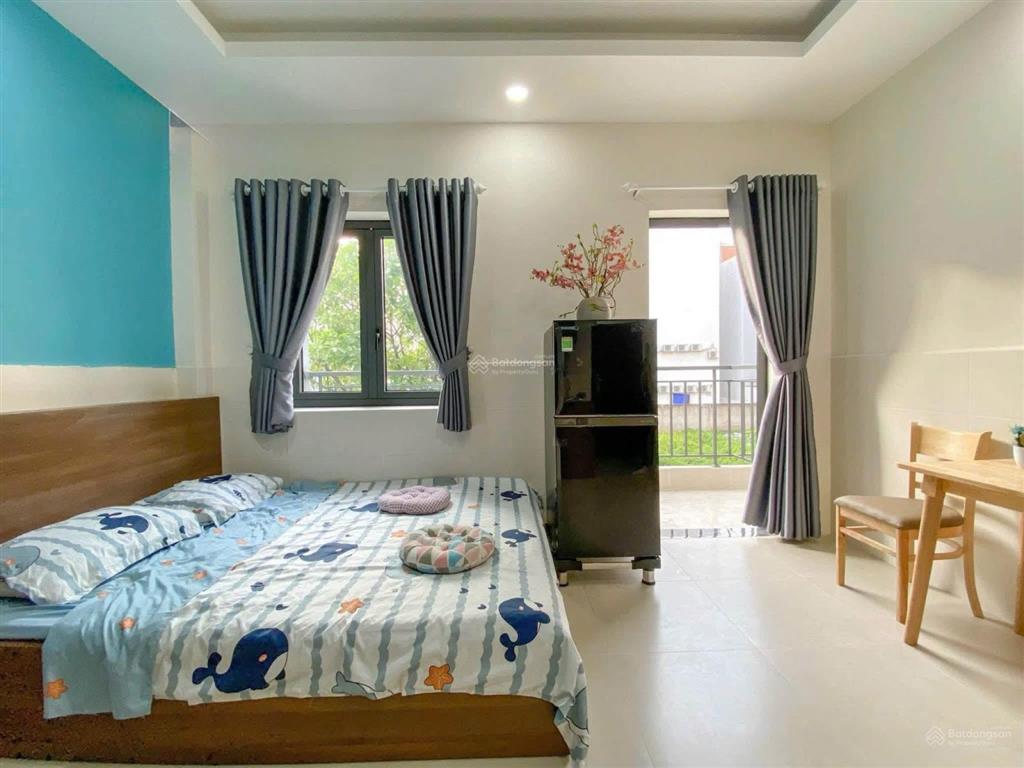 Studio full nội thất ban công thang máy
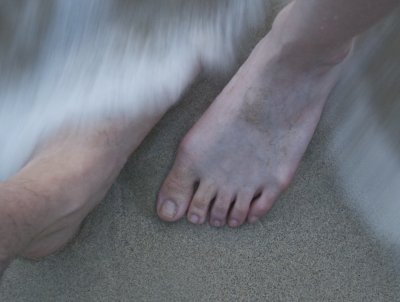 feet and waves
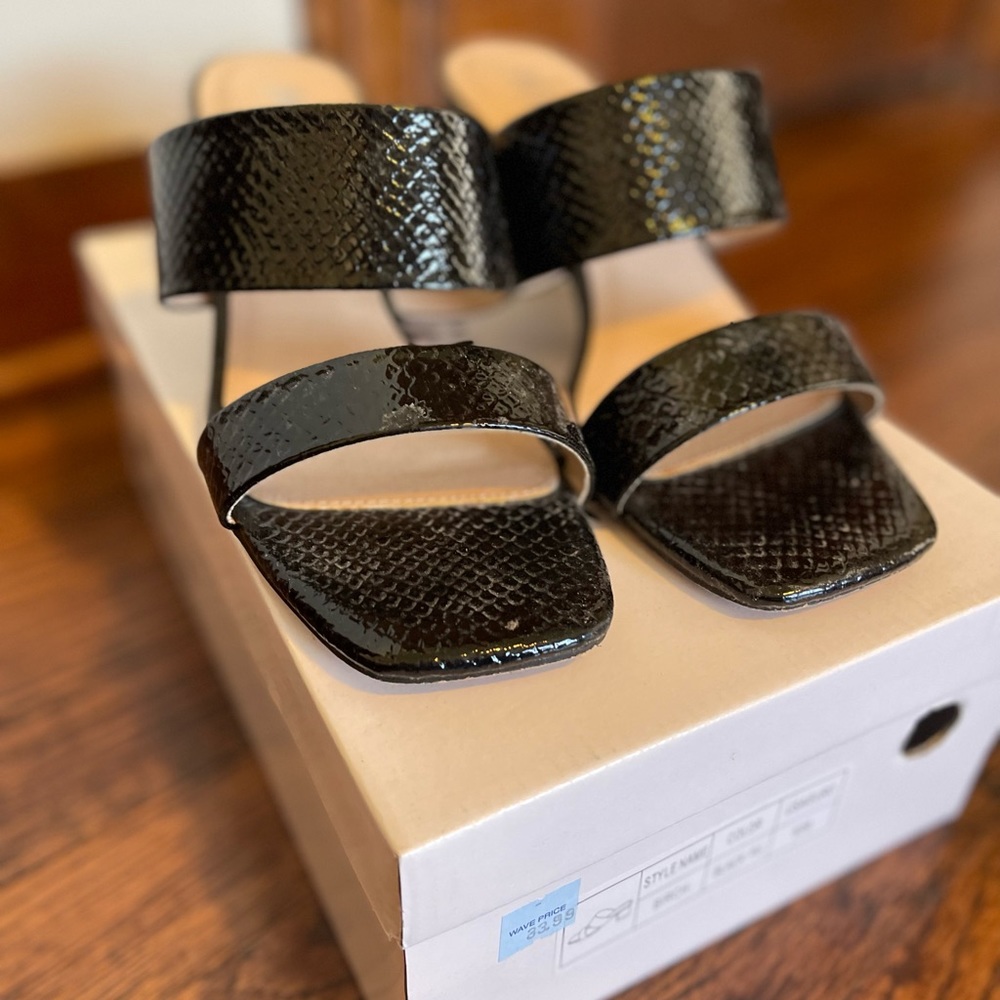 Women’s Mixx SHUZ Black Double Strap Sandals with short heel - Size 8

==

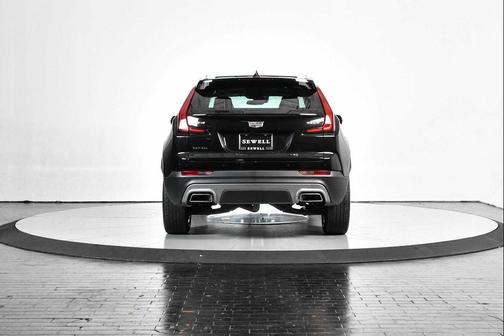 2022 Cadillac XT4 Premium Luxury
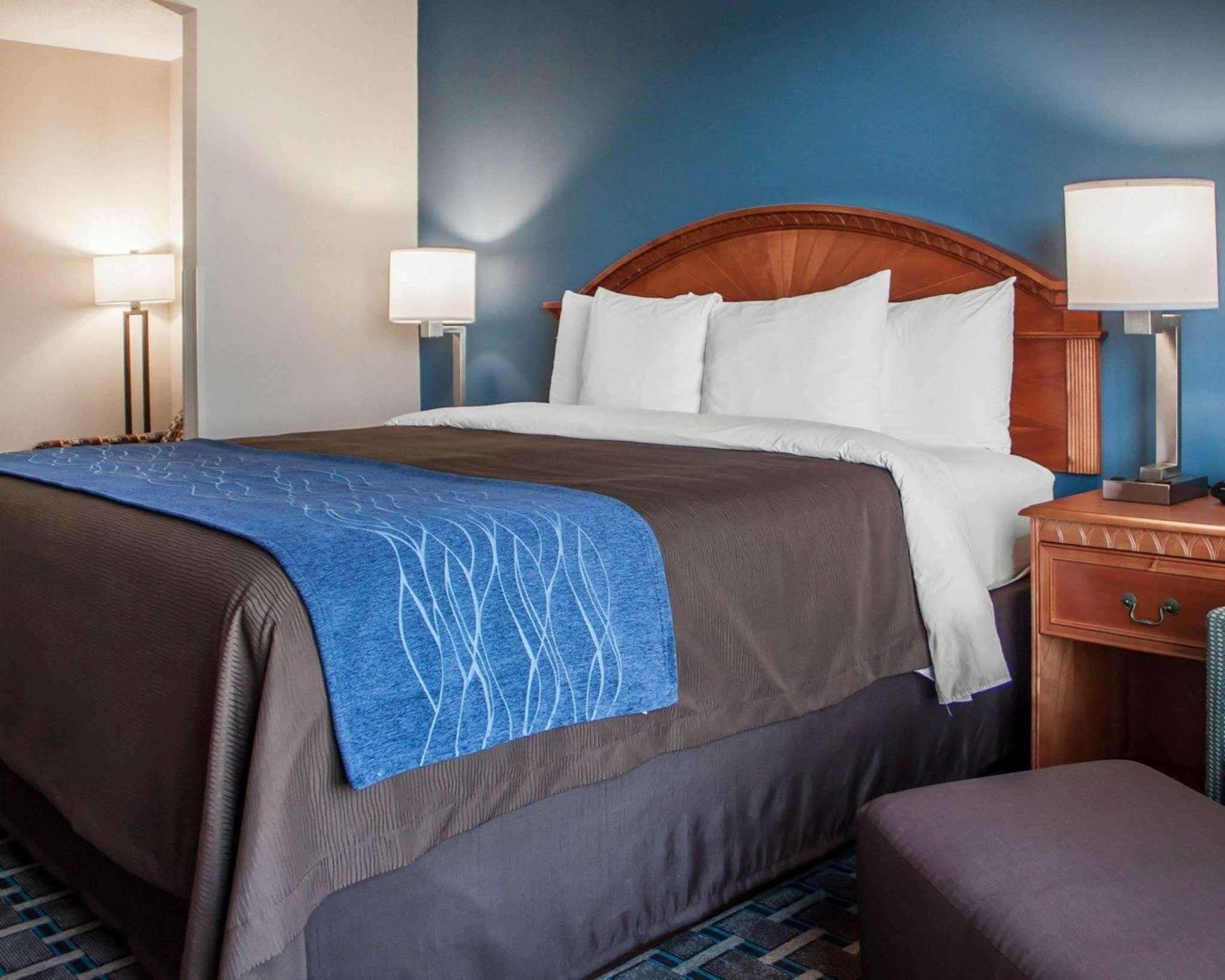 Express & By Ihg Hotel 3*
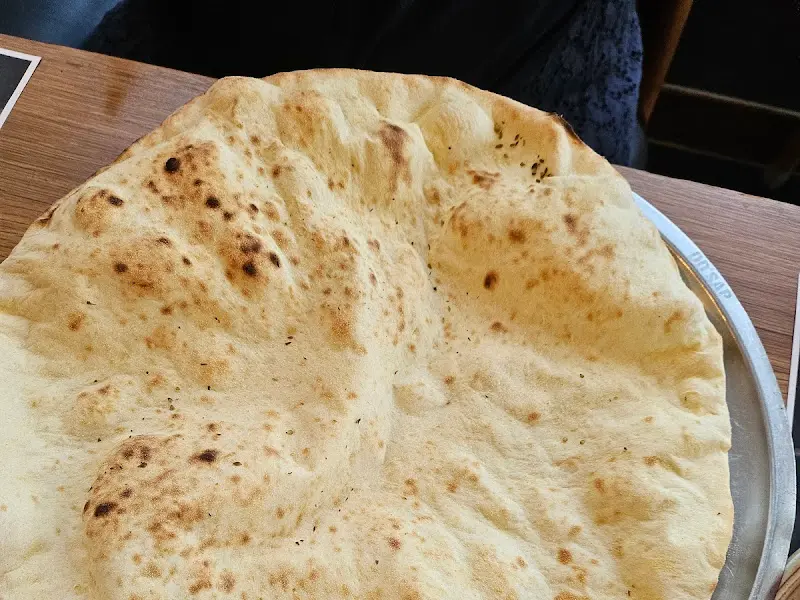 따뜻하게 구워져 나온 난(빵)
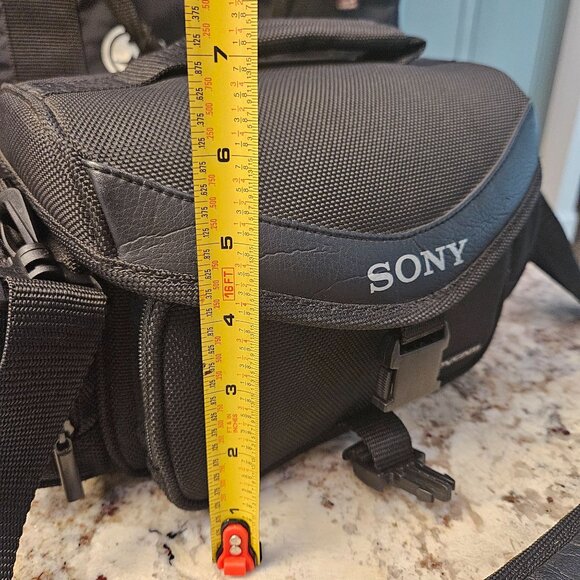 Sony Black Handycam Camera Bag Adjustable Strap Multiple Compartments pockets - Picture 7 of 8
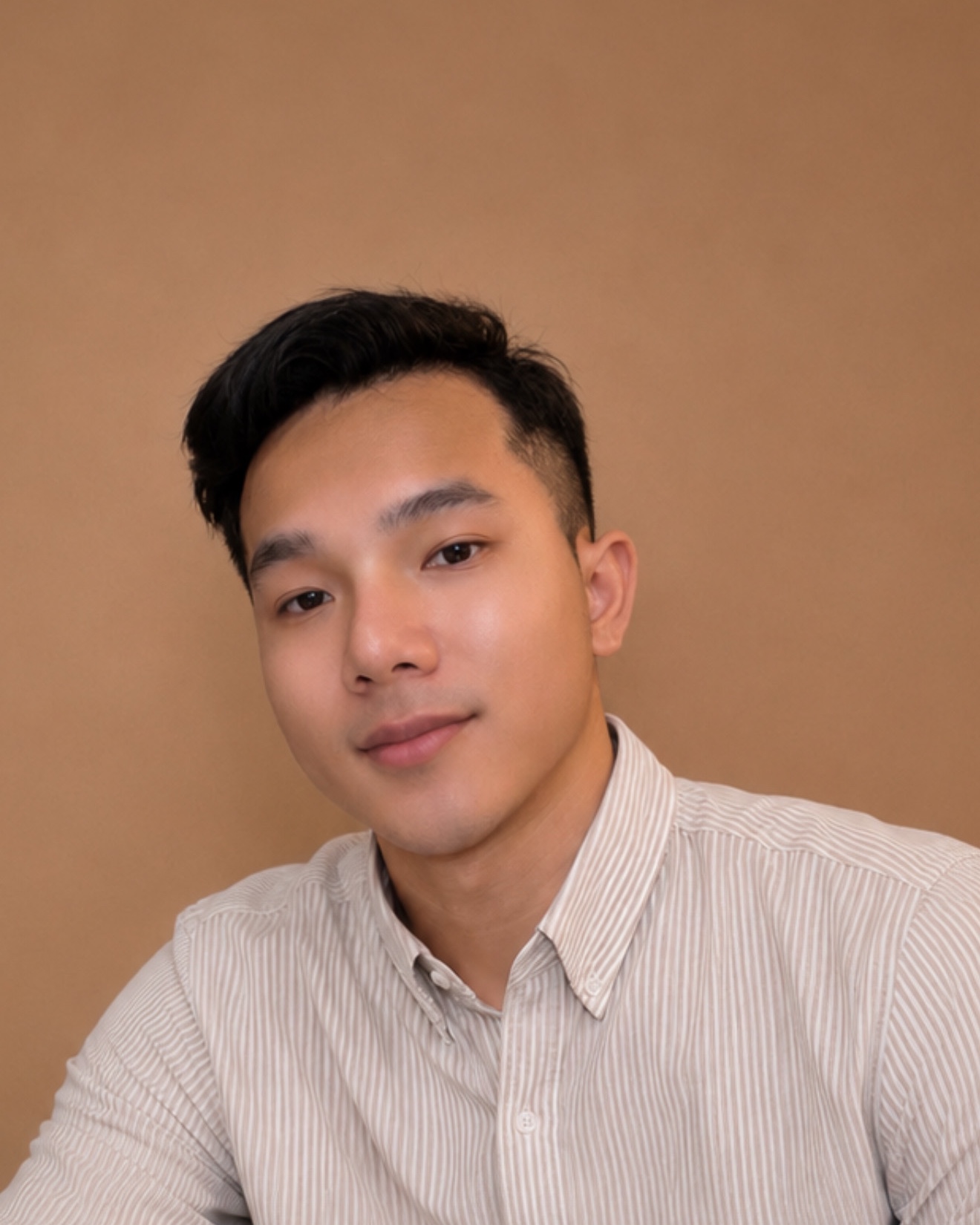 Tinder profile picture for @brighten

...

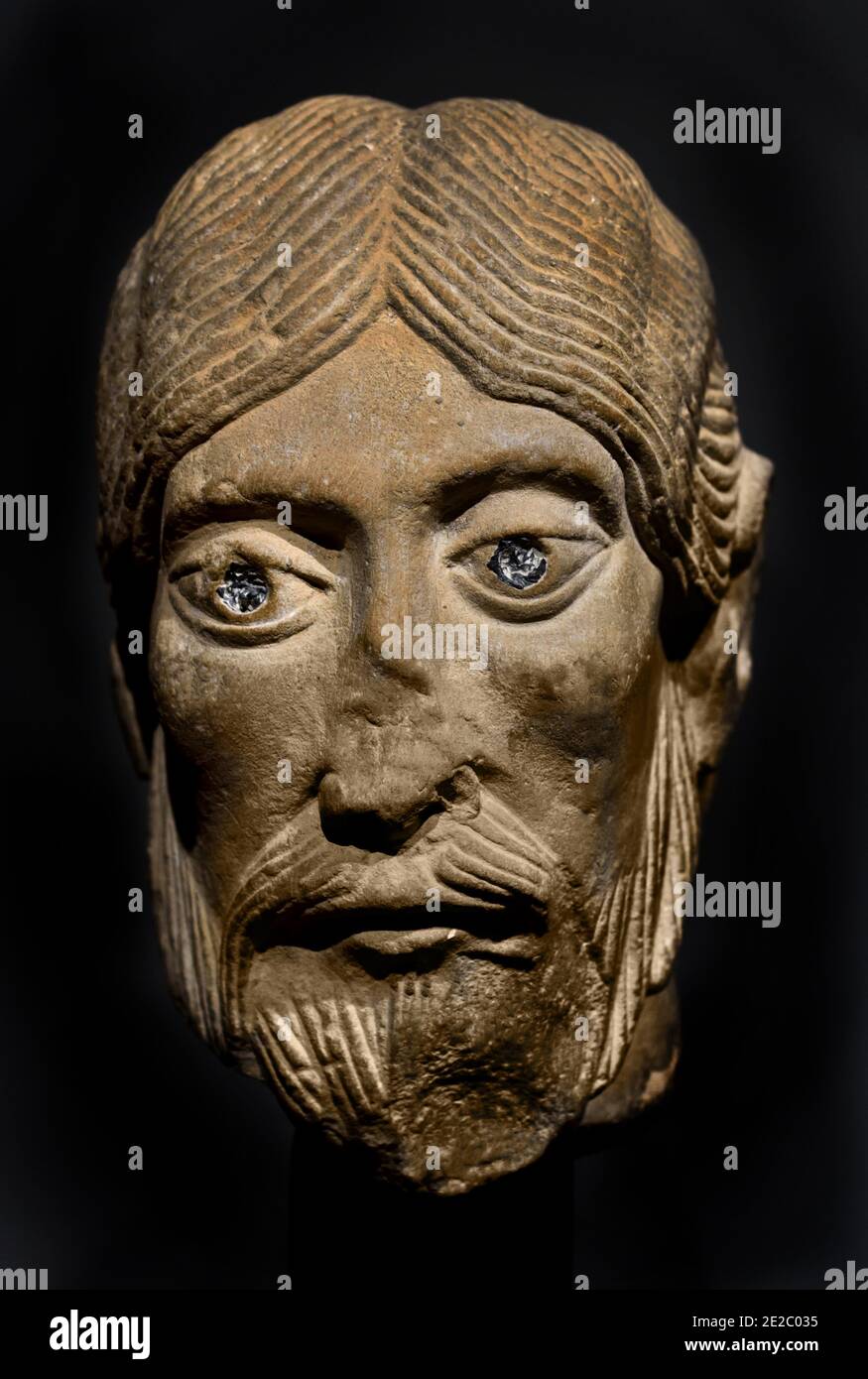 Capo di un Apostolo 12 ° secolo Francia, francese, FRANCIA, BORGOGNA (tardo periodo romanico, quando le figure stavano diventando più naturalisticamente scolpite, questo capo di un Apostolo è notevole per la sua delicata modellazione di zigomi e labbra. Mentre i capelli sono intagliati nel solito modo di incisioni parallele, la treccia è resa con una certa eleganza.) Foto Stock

◆ Aim of the exercise: Pictures excluded, give again exactly and only the lines of the material above from the line with "Express & By Ihg Hotel 3*" through the line with "Tinder profile picture for @brighten".

◆ Completed task:
 Express & By Ihg Hotel 3*
 따뜻하게 구워져 나온 난(빵)
 Sony Black Handycam Camera Bag Adjustable Strap Multiple Compartments pockets - Picture 7 of 8
 Tinder profile picture for @brighten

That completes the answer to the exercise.